CD spokesman Chuo Torrealba – far and away the brightest star in the CD’s upper realms – has a little riff that goes something like: “Look, the dirty little secret here is that we are not the leaders of the opposition movement, we are merely the conductors. The leadership of the opposition movement is out on the streets, in the energy of the millions of people who simply will not accept the imposition an authoritarian system of government in Venezuela. We, as conductors, can try to channel that energy. But we did not put that energy there, nor do we control it. At most, we try to steer it.”

This reality came into focus clearly on the Autopista yesterday.

When chavistas talk about “the opposition”, they’re referring to the 50 or 60 people who lead the Coordinadora Democratica. And many of them are, no doubt, lamentable figures – batequebraos de toda la vida. It’s not surprising that the army full of caciques and shorn of indios called the CD put on an awful, unfocused, discombobulated campaign. There was never much hope of getting pears from that particular elm tree.

But if the “Si” camp is going to win, it was never going to be thanks to the efforts of the Batequebrao Squad. The one hope the “Si” has is that the movement’s leaders would once again come to the rescue of its conductors. However misconceived the opposition campaign has been, there are millions of Venezuelans passionately committed to ending the Chavez experiment. They deserve much more competent conducting that they’ve been getting, but they won’t stop playing simply because the conductor is not up to the task.

[Incidentally, the millions of earnest, idealistic Chavez supporters out there certainly also deserve far more competent leadership than they’ve been getting, but that’s a subject for another post…]

Today, I have serious doubts that the Batequebrao Squad is really up to running the country.
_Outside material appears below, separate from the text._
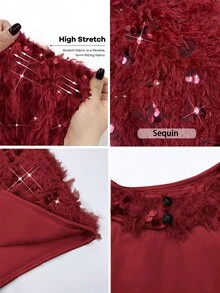 Chiquease 杏色亮片露背弹力性感无袖修身连衣裙/约会/派对/夜店/街头/万圣节/情人节/生日/春夏秋冬新款短款连衣裙，适合婚礼宾客、派对、乡村音乐会等场合，优雅百搭，适合婚礼宾客、万圣节、圣诞节、冬季等各种场合。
But looking at the image’s of yesterday’s march, I can see that the country has changed, decisively, over the last 6 years. If the “Si” wins and the regime changes, the conductors will not be able to break free of the leaders, because the leaders will be only too aware that it is them (i.e. US!) who put them in power. The era of closed-doors elite decisionmaking is over – the leaders have realized that the conductors work for them, not the other way around.

For all of the government’s fixation with the opposition’s alledged “secret heads” – from George W. Bush to Carlos Andres Perez – it’s always been the grassroots who’ve called the shots. It’s the grassroots that signed, marched, and will vote. On Sunday, we’ll find out if this grassroots movement actually outnumbers the one on the government’s side.